We’re Moving Ahead In Spite Of Diplomacy

We Know Where The Economist Stands
Economist.com | America’s strategy with Iraq
How Blix’s last report could represent anything other than a material breach by Iraq is a mystery to me. They cited as “progress” that Iraq would allow U2 flights and some other items. Iraq was obligated to give these things immediately, without reservation, three months ago. They didn’t do it so they are in material breach of 1441.

IT LOOKS like a last effort to get the widest possible support for war against Iraq. Rebuffed last week in his first attempt, George Bush on February 19th decided to push for a “straightforward” new resolution at the United Nations Security Council authorising the use of force if Iraq does not disarm. As The Economist went to press, the timing, wording and reception of such a resolution were all in doubt. Would it simply assert that Iraq is in “further material breach”? Or would it set new demands, with a deadline for compliance? Would it be presented at the end of this week, as some officials had said, or later? When might it be voted on? And might France veto it?

Mr Bush’s decision to propose a new resolution shows that his policy of seeking UN support has not been knocked off course by criticism. At the same time, the uncertainties surrounding any resolution reflect the hammering his policy has recently taken—and raise doubts about whether a new resolution will pass.

The Americans had originally hoped to put forward the resolution after Hans Blix’s second report to the UN on February 14th. As they saw it, a tough report would back their claim that Iraq had failed to disarm, and must now face “serious consequences” (code for war). Yet Mr Blix’s second report differed little from his first.
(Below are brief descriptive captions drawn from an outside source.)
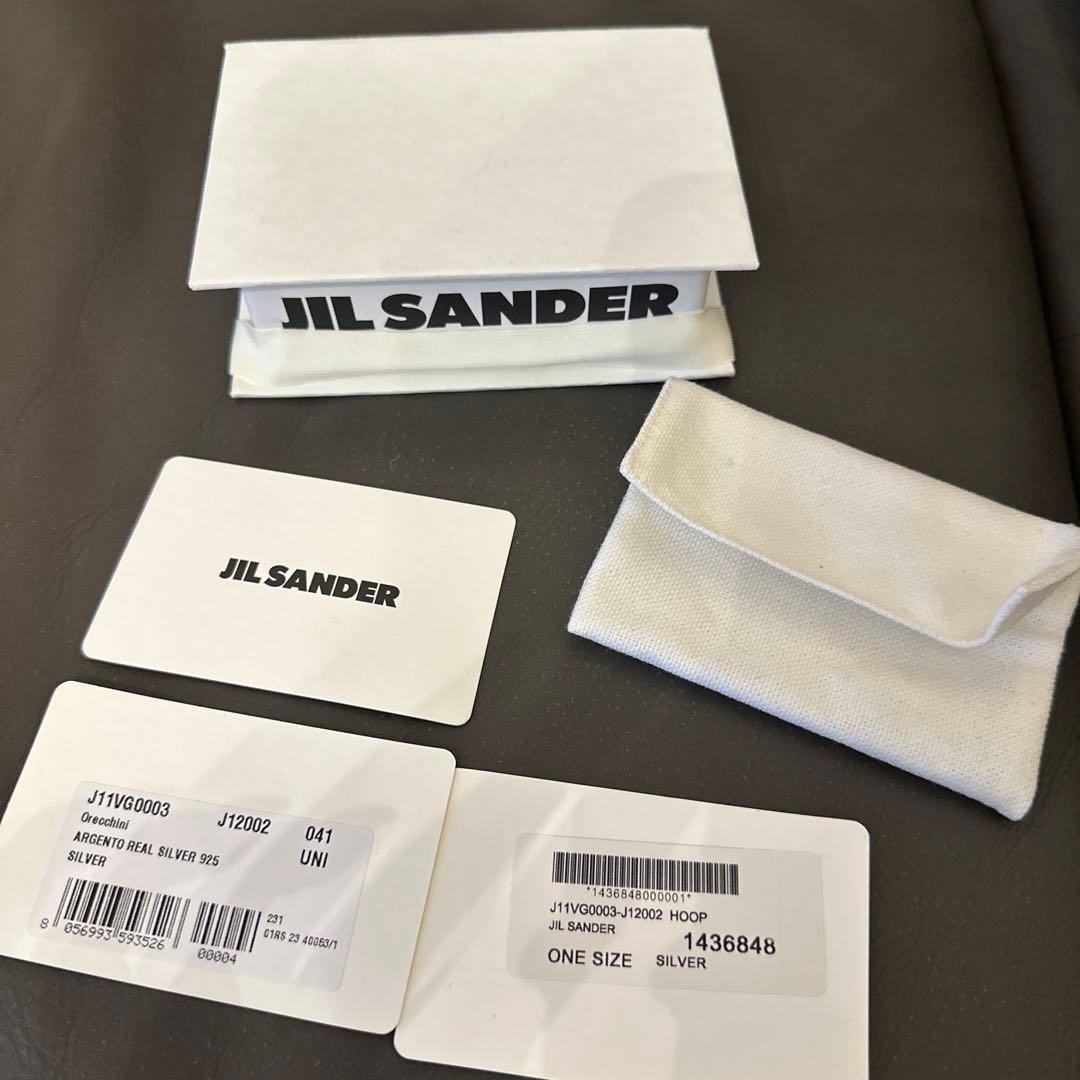 JIL SANDER ジルサンダー フープピアス チャンキー シルバー925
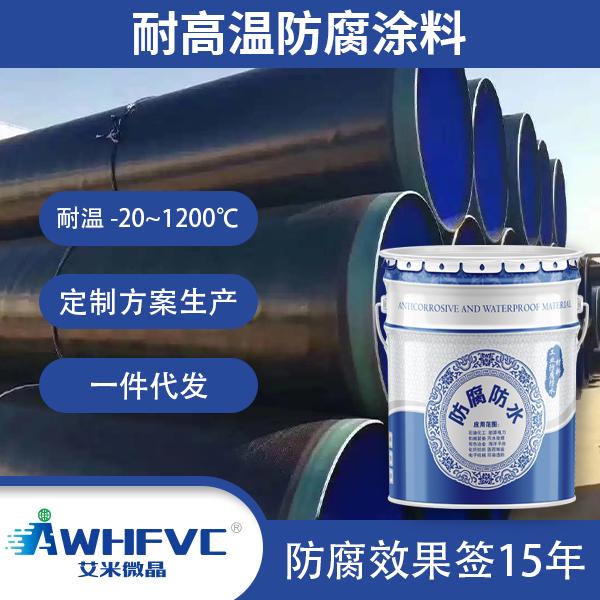 耐高温防腐涂料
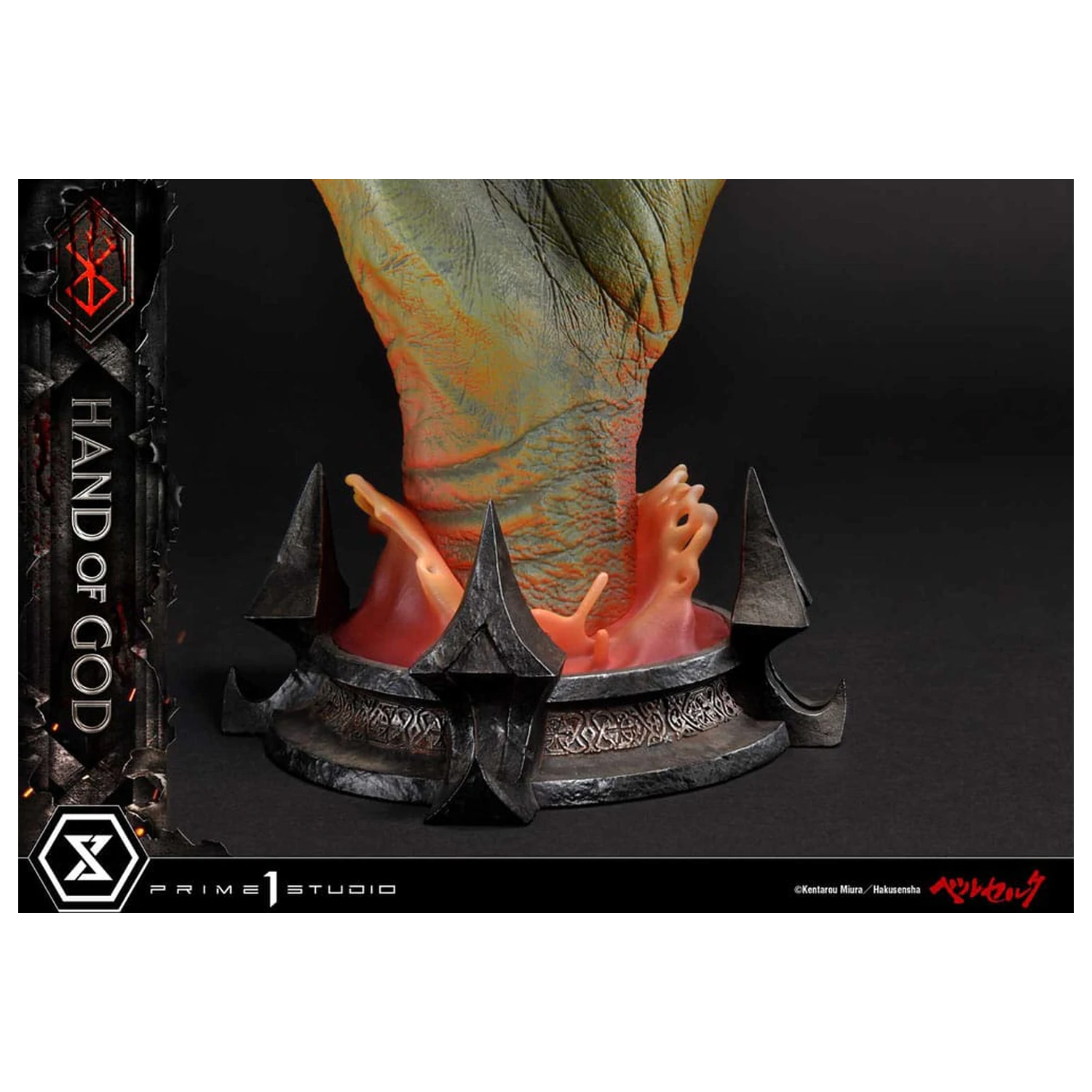 Berserk Life Scale Masterline Series Statua Hand of God 25 cm zdjęcie produktu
Mr Blix repeated his claim that Iraq is not co-operating on matters of substance because it has failed to account for large quantities of chemical agents it is known to have possessed. He said Iraq has missiles with a range of more than 150 kilometres, which are banned under UN resolutions and must be destroyed, along with 380 illegal Iraqi missile engines. America and Britain say Iraq should be found in breach of its obligations if it omits any information about weapons programmes or if it possesses banned weapons. Mr Blix found Iraq guilty of sins of both omission and commission.

But in other ways, the report dashed American hopes. Mr Blix said progress was being made on process—that is, on Iraqi co-operation with the inspectors. Iraq has now permitted flights of U-2 surveillance planes and has allowed a few Iraqi scientists to be interviewed in private. He said his team’s job could be completed in a short time if Iraq provided “immediate, active and unconditional co-operation”. Nine of the 15 members of the Security Council, including veto-wielding France, China and Russia, argued that the inspectors should therefore be given more time (something the Americans might not mind if it were brief) and that progress short of complete compliance is reason enough not to authorise war yet.